▶ [RAW DATA]:

== Segment start ==

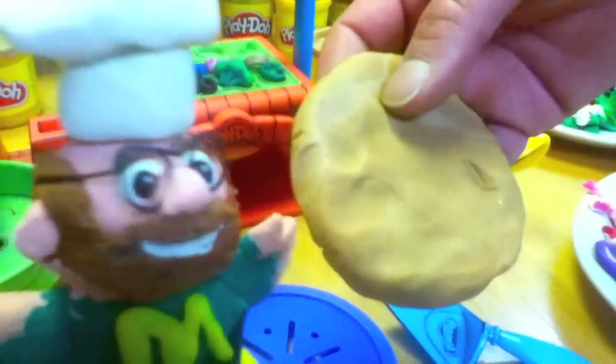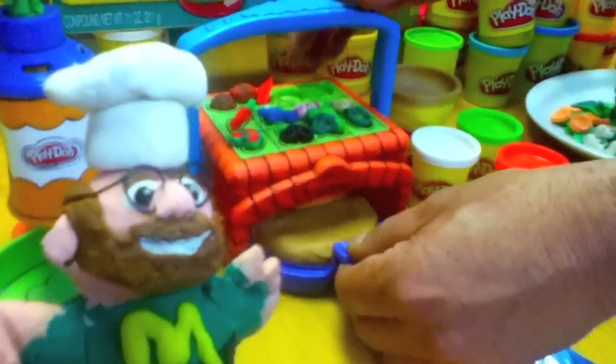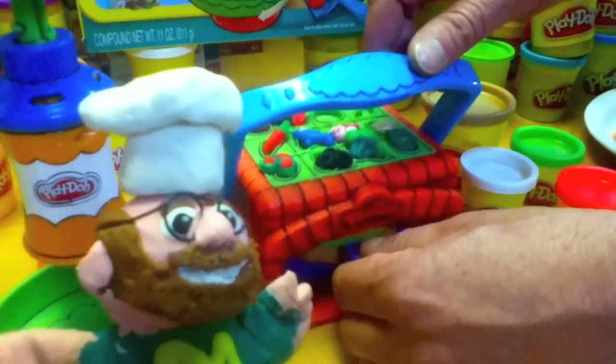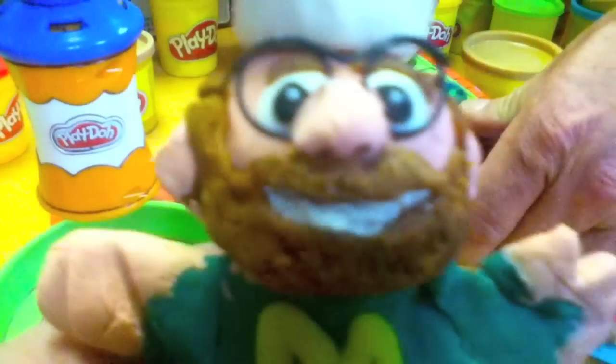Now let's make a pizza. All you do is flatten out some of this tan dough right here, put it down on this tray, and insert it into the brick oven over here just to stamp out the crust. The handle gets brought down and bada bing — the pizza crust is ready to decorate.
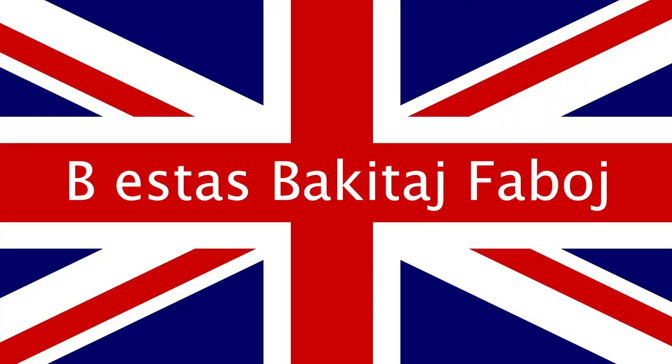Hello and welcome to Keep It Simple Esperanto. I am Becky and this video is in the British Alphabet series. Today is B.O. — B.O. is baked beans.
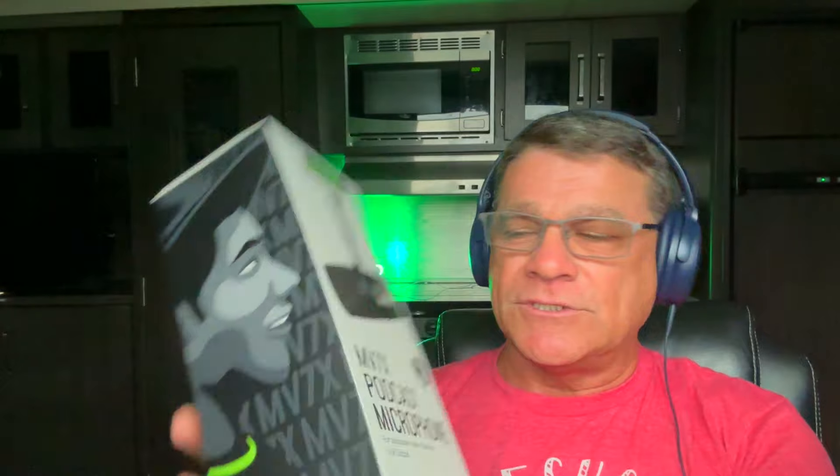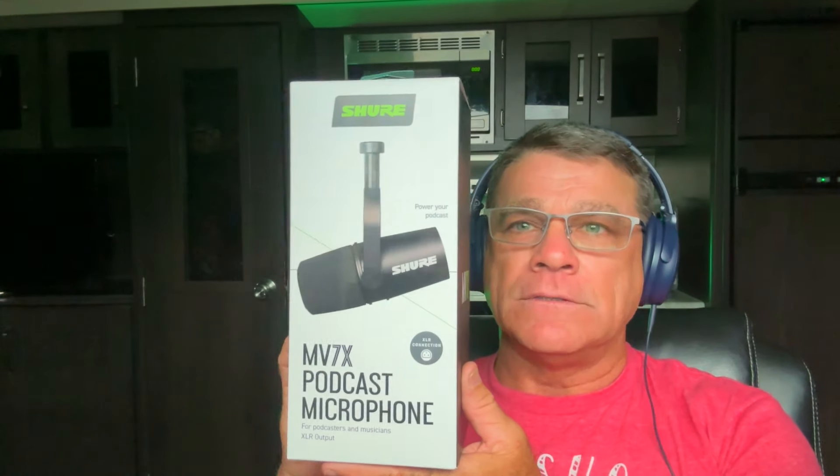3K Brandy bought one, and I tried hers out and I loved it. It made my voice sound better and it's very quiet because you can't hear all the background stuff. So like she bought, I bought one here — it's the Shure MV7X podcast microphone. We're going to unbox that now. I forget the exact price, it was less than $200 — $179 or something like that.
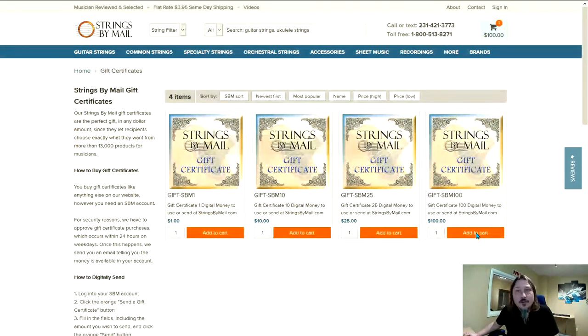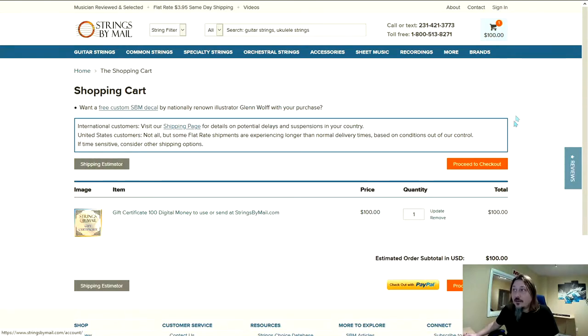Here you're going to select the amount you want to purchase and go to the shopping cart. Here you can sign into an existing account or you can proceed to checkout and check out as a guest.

== Segment end ==

▶ [PROBLEM DETAILS]: Word for word, restate the whole listing and drop the images.

▶ [RESPONSE TO THE TASK]:
Now let's make a pizza. All you do is flatten out some of this tan dough right here, put it down on this tray, and insert it into the brick oven over here just to stamp out the crust. The handle gets brought down and bada bing — the pizza crust is ready to decorate.
Hello and welcome to Keep It Simple Esperanto. I am Becky and this video is in the British Alphabet series. Today is B.O. — B.O. is baked beans.
3K Brandy bought one, and I tried hers out and I loved it. It made my voice sound better and it's very quiet because you can't hear all the background stuff. So like she bought, I bought one here — it's the Shure MV7X podcast microphone. We're going to unbox that now. I forget the exact price, it was less than $200 — $179 or something like that.
Here you're going to select the amount you want to purchase and go to the shopping cart. Here you can sign into an existing account or you can proceed to checkout and check out as a guest.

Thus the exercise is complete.